Passei a tarde de volta de ficheiros com possibilidades de crónica, mas sem sucesso. Todas as semanas arquivo as quatro ou cinco ideias que considero, mas depois abandono. As mais fracas vão para uma vala comum. As de que gosto mais ganham um ficheiro próprio. Guardo-os por etiquetas: ideias completamente por trabalhar, etiqueta amarela; ideias bem encaminhadas, etiqueta laranja; ideias quase prontinhas a safar-me num dia em que não tenha crónica, etiqueta vermelha. Ao longo dos dias, das semanas, dos meses, muitos ficheiros vão mudando de cor. Ponho lá coisas dispersas que me vão ocorrendo, e que encaixam aqui ou ali, às vezes na qualidade de argumentos e outras ainda (são as melhores) na qualidade de idiossincrasias, de pequenas demagogias, de grandes obsessões. Por esta altura, e para além da vala comum, etiquetada a verde, a pasta tem 197 documentos, dos quais 38 a vermelho. Acabo de percorrê-los pela segunda vez. Durante a tarde, trabalhei em oito deles, quase sempre seguindo o meu modelo mais seguro, e a que os teóricos talvez chamassem "fórmula" (mas injustamente, pelo menos para ele). No fim, abandonei-os a todos. Alguns encaminhavam-se para o estatuto de comentário, outros de artigo, outros ainda de análise. Nenhum para o de crónica.


Não me faltam temas. Um dia destes, e com a maior das facilidades, vou zurzir nos gestos maneiristas com que os moderninhos provam o vinho, na forma acéfala como tantas vezes reduzimos a opinião aos argumentos "gosto" e "não gosto" e nesta nova mania, tão em voga entre notórios falhados, de chamar aos filhos os seus próprios nomes, acrescentados do pós-apelido "Júnior". Vou elogiar os homens que vestem um fato de propósito para andar de avião, os funcionários intermédios que regressam do almoço com o casaco pelos ombros e os trolhas que se amontoam nas furgonetas que às segundas e às sextas-feiras vogam pela A1. Mais: vou fazer a apologia da rotina, dos rádios de pilhas, do Sporting de Domingos Paciência, do Second Love, da pornografia em geral – e depois ainda vou declarar o meu crescente ódio a óculos escuros, a pessoas boazinhas, à FNAC, ao optimismo e aos sonsos, que na verdade apenas odeio por não conseguir encontrar em mim também a mais útil de todas as grandes qualidades humanas: precisamente a sonsice. O que me parece é que algum tempo me separa ainda do momento em que serei capaz de transformar esses temas em crónica. Talvez se pudesse dizer que esse tempo é ele próprio a crónica. Mas isso já seria pôr-me de novo a tentar escrever uma crónica, coisa que hoje, manifestamente, não consigo.
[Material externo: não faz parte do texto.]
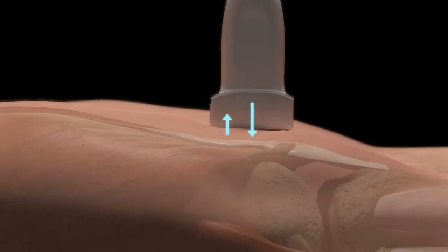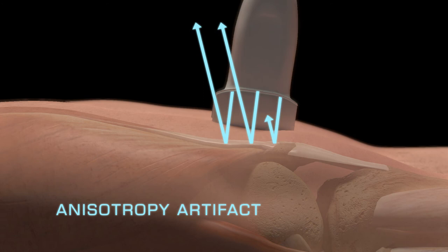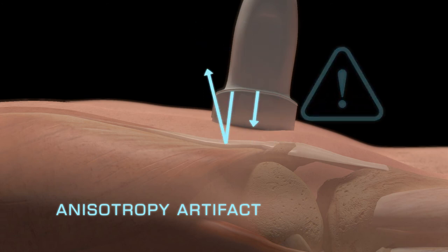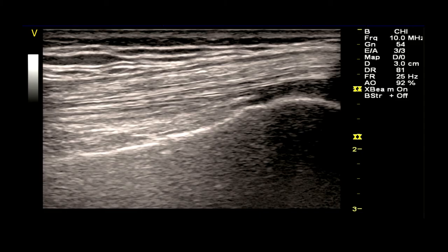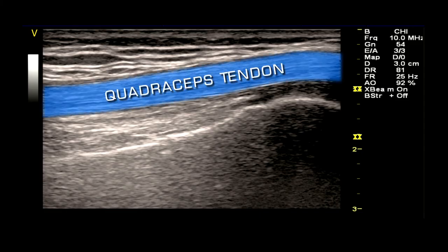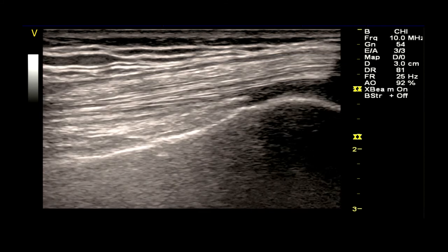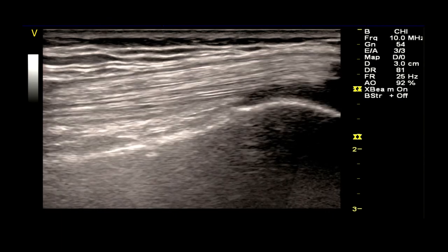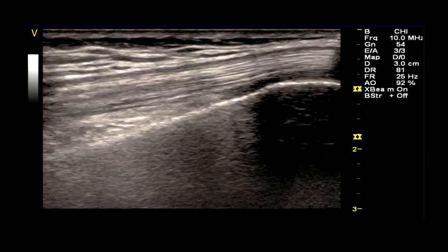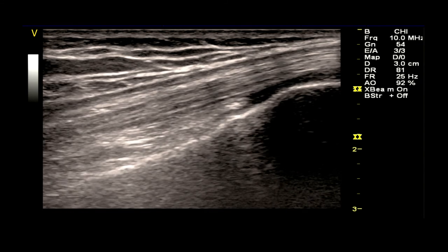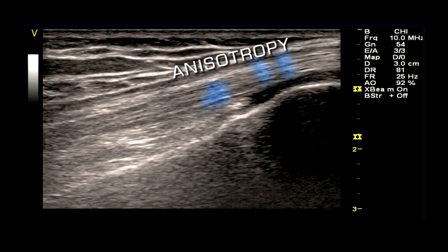The anisotropy artifact is a phenomenon that can occur when the probe is not positioned perpendicular to the tendon being imaged with ultrasound. In this suprapatellar image of the knee, the quadriceps tendon is largely hyperechoic. When the probe is rocked slightly to make the ultrasound beam not perpendicular to the tendon fibrils, hypoechoic or dark areas seem to appear within it. This artifact not only leads to suboptimal imaging, but can lead to errors in interpretation. Hypoechoic areas in the tendon could suggest tendinitis or tendon injury and lead to a misdiagnosis.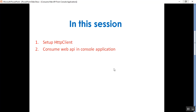That's all about how to consume Web API in a console application. Please subscribe and share the channel to get updated knowledge on .NET, .NET Core, C#, SQL Server, DevOps, and GitHub. That's it for today. Thank you for listening. Have a great day.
Quando comecei esta série de crónicas – há agora o quê, seis, sete anos? –, disse a mim próprio: "Um dia, Joel, vai faltar-te a crónica e terás a tentação de escrever sobre o facto de não teres crónica. Tens o direito a isso, mas só uma vez. Certifica-te de que estás mesmo desesperado." Pois eis aqui esse dia. Agora vou tirar uma semana de férias, que talvez seja o melhor para todos. Prometo passá-la à procura de crónicas.


* Esta coluna interrompe-se uma semana, para férias, e regressa a 11 de Setembro












CRÓNICA ("Muito Bons Somos Nós")


NS', 20 de Agosto de 2011


(imagem: © www.lcarlateresa.deviantart.com)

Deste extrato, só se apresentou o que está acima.